Die Leistungsträger ermitteln in einem Bedarfsfeststellungsverfahren den Hilfebedarf des behinderten Menschen. Wer nun schon bisher bestimmte Leistungen bezogen hat und nur auf die Leistungsform des Persönlichen Budgets umsteigen möchte, der wird es bei dieser Umstellung relativ leicht haben, weil der Bedarf ja schon ermittelt wurde und feststeht. Von Wichtigkeit für diese Budgetnehmer ist die sogenannte Verpreislichung, also die Festlegung der Preise für den Ankauf bestimmter Leistungen. Handelt es sich jedoch um einen erhöhten Bedarf, dann teilt der Antragsteller dies dem Leistungsträger oder aber der Gemeinsamen Servicestelle mit. Und bei Neuanträgen kommt es zur Ermittlung des Bedarfs in Hilfeplan- oder Budgetkonferenzen, wie es auch der Fall wäre bei Leistungen, für die kein Persönliches Budget beantragt worden ist. An dieser Konferenz von allen beteiligten Leistungsträgern und eventuell auch der Gemeinsamen Servicestelle nimmt der Budgetnehmer und eventuell eine von ihm benannte Vertrauensperson gleichberechtigt teil. Innerhalb dieser Konferenzen erfolgt auch die Zusammenführung der Teilbudgets.

Bestimmung des Beauftragten und seine Rolle

Die trägerübergreifende Koordinierung der Leistungserbringung liegt in der Verantwortung des Leistungsträgers, bei dem der Budgetantrag gestellt worden ist. Natürlich muss der Leistungsträger auch zumindest an einer Teilleistung für das Persönliche Budget beteiligt sein. Der Leistungsträger wird damit zum Beauftragten, welcher in der Pflicht steht, innerhalb zweier Wochen festzustellen, ob er auch für den Antrag zuständig ist. Zu Prüfen hat er dabei sowohl seine sachliche wie auch seine örtliche Zuständigkeit. Falls der Rehabilitationsträger nun feststellt, dass er nicht zuständig ist, dann leitet er den Antrag sofort an den Rehabilitationsträger weiter, der seines Erachtens für den Antrag zuständig gewesen wäre.
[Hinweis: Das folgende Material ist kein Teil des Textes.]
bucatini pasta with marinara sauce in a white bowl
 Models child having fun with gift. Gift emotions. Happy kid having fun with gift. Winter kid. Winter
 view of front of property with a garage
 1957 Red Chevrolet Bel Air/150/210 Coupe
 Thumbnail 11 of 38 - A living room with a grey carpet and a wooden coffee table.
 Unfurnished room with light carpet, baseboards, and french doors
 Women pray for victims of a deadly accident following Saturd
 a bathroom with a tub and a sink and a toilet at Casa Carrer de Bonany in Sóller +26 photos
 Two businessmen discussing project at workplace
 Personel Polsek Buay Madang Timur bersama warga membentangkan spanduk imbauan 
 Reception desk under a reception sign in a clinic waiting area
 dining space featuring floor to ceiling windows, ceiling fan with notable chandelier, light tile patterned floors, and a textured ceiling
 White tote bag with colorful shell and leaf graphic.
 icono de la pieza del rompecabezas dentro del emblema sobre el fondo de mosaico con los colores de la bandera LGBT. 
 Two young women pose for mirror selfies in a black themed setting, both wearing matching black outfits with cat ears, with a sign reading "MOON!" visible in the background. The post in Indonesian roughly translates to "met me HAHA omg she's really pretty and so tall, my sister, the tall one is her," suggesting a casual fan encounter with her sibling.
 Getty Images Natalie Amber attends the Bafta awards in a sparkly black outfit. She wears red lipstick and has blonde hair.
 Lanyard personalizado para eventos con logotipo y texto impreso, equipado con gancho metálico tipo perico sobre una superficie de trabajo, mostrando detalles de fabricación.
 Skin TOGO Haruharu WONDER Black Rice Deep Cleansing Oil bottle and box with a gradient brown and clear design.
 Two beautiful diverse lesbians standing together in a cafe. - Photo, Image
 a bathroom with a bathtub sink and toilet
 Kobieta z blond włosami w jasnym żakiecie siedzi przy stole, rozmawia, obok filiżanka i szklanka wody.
Beauftragter für das Budgetverfahren kann nun werden zum einen der der neu eingeschaltete Leistungsträger oder aber der zuerst angesprochene Leistungsträger bleibt der Beauftragte. Den beteiligten Leistungsträgern steht es frei, in Abstimmung mit dem Budgetnehmer eine davon abweichende Regelung der Zuständigkeit zu treffen. Die genannten Regelungen haben auch Gültigkeit für Gemeinsame Servicestellen mit dem Rehabilitationsträger, dem die Gemeinsame Servicestelle zugeordnet ist.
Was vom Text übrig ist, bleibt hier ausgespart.